## Task to carry out
Set down the whole listing below exactly. The pictures stay out.

## Available data
--------------------------------
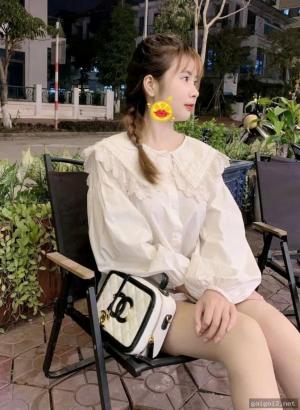 Thảo Linh – ảnh
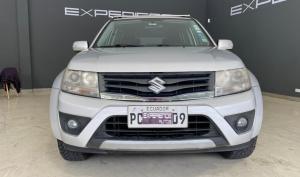 Suzuki Grand Vitara SZ 2016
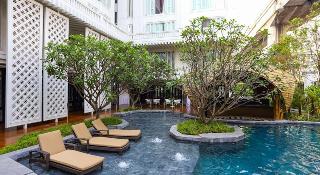 Hua Chang Heritage Hotel Bangkok fotoÄŸrafÄ±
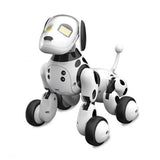Remote Control Robot Dog Smart Interactive Puppy Toy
--------------------------------
## Task result
 Thảo Linh – ảnh
 Suzuki Grand Vitara SZ 2016
 Hua Chang Heritage Hotel Bangkok fotoÄŸrafÄ±
Remote Control Robot Dog Smart Interactive Puppy Toy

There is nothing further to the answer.